TL;DR

Apple Silicon devices are great. My MacStudio is powerful, and I have difficulty using all the available resources. The machine, for most of the workloads, is simply outstanding. The scenario for .NET development is twofold. On the one hand, .NET 6 (and onward) development works excellently on macOS and Apple Silicon. I’m a JetBrains Rider user; however, both Visual Studio Code and Visual Studio for Mac work great.

On the other hand, there is .NET Framework development. It requires a virtual machine, and I have a Parallels one. The virtual machine OS must be ARM which poses a set of limitations to developers—most of the .NET development tools for Windows don’t play nicely with an ARM architecture. Currently, the best option is to use Visual Studio 2022 Preview 2 (and onward), which comes with ARM support, and update the target framework to .NET 4.8.1. If that’s not possible, get ready to spend time troubleshooting subtle errors.

I’ve used a Dell Precision Tower 5810 workstation (8-core Xeon, 32GB of RAM, and 1TB SSD) for the last seven years, and Windows has been my primary OS for most of my career. I had an experience with macOS for a couple of years, around 2010.

I recently (April 2022) bought a MacStudio (M1 Ultra, 64GB of RAM, 1TB SSD).

This post intends to be a live blog, sharing my experience as a long-time Windows user and, more importantly, a .NET developer. I started with .NET development in 1999 with one of the first alpha releases.

Before getting into the nitty-gritty details of .NET development using an M1 chip and macOS, let me give you an overview of the hardware. I’m famous among my friends and colleagues for my diplomacy.

The MacStudio built-in audio quality is shit. I had never heard something so utterly inadequate. I should have expected it. During the presentation, Apple never mentioned the audio using their usual style, “The best XYZ feature of all times.” And so, there we go. Even for regular Zoom calls, you need external speakers or headphones.

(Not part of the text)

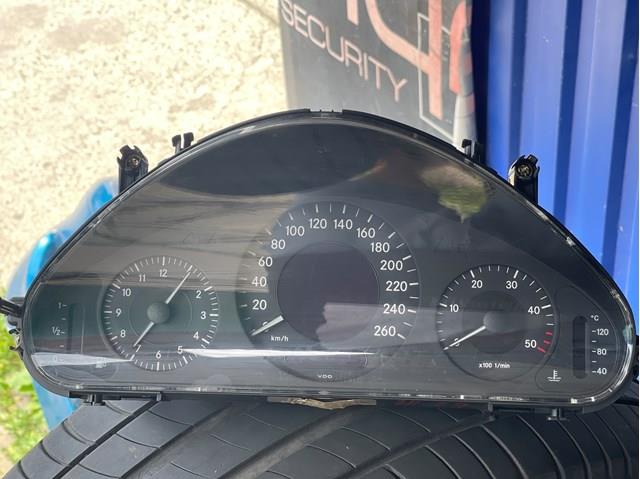 Приладова дошка-щиток приладів A2115407211 MERCEDES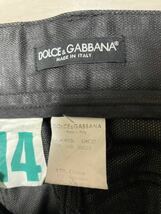 【超レア】 DOLCE&GABBANA　ドルチェ&ガッバーナ　デニム　パンツ　レザー調コーティング　側章ライン入り　ロゴプレート　ブラック_画像9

Having six Thunderbolt ports on my model (four in the back and two in the front) is a huge bonus. Plugging in devices has never been so easy. Except if you want to plug in not-officially-supported USB-C screens.

I have two Dell 32” 4K screens (U3219Q) that claim to support DisplayPort over the USB-C connection. But things are not so easy. I’m not sure why, but external screens and projectors are almost always a source of pain with Apple machines.

The problem manifests itself at boot time. The screen is in standby mode, the machine starts, the screen wakes up and starts the USB-C handshaking process. But that happens too early, and the response from the Mac times out. The screen never retries and never connects. The “easy” workaround is disconnecting and reconnecting the USB-C cable, and the screen immediately starts working. However, if you’re using the screen as a USB hub, that causes a mess with USB devices connected to the screen. Dell forums are full of people complaining about this issue, so it’s not something new to the MacStudio, and it’s not easy to understand who to blame. Anyway, the definitive solution is to use a USB-C to DisplayPort cable. No more problems. The downside is that to use the screens as a USB hub, I had to connect them using the USB-A cable, which is fine because the MacStudio has two ports.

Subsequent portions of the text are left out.